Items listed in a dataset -
•••••
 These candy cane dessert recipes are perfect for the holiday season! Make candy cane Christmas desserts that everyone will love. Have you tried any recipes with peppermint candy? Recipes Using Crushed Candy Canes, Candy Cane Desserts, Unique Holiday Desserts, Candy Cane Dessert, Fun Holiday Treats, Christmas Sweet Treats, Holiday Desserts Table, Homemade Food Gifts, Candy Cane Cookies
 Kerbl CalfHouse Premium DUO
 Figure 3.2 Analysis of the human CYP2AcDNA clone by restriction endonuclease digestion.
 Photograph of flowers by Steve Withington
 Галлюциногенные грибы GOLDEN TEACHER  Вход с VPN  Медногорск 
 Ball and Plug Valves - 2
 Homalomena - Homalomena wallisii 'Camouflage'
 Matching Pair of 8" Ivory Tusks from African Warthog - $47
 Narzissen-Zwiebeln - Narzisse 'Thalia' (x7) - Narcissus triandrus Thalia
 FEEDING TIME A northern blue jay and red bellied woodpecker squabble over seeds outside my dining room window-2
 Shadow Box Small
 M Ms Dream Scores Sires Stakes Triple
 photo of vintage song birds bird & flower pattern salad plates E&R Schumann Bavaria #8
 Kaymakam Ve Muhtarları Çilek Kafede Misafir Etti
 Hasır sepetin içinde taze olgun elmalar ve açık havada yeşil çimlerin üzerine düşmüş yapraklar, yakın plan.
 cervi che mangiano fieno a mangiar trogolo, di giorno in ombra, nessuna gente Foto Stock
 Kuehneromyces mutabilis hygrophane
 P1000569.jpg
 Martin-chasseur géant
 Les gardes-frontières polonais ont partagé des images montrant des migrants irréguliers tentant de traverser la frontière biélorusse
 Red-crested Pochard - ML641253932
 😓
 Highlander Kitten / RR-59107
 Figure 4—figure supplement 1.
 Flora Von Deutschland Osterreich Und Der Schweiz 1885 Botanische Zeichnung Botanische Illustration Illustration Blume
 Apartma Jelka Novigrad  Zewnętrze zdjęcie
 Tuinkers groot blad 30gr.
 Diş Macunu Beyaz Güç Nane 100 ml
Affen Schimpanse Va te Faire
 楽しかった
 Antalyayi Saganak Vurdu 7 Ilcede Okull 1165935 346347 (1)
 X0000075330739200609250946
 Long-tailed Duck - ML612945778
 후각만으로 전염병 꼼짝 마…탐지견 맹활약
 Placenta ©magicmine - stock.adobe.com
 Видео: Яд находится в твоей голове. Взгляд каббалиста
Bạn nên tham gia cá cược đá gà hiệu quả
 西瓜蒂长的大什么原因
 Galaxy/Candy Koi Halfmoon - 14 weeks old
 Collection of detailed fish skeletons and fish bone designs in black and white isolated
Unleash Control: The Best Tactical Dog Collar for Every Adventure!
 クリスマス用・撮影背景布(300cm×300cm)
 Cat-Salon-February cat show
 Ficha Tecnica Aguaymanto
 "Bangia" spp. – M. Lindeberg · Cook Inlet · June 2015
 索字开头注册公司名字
•••••
WHAT YOU WILL DO -
What you write should match, character for character, the lines from the one with "Collection of detailed" to the end of the data, both included.

EXERCISE ANSWER -
 Collection of detailed fish skeletons and fish bone designs in black and white isolated
Unleash Control: The Best Tactical Dog Collar for Every Adventure!
 クリスマス用・撮影背景布(300cm×300cm)
 Cat-Salon-February cat show
 Ficha Tecnica Aguaymanto
 "Bangia" spp. – M. Lindeberg · Cook Inlet · June 2015
 索字开头注册公司名字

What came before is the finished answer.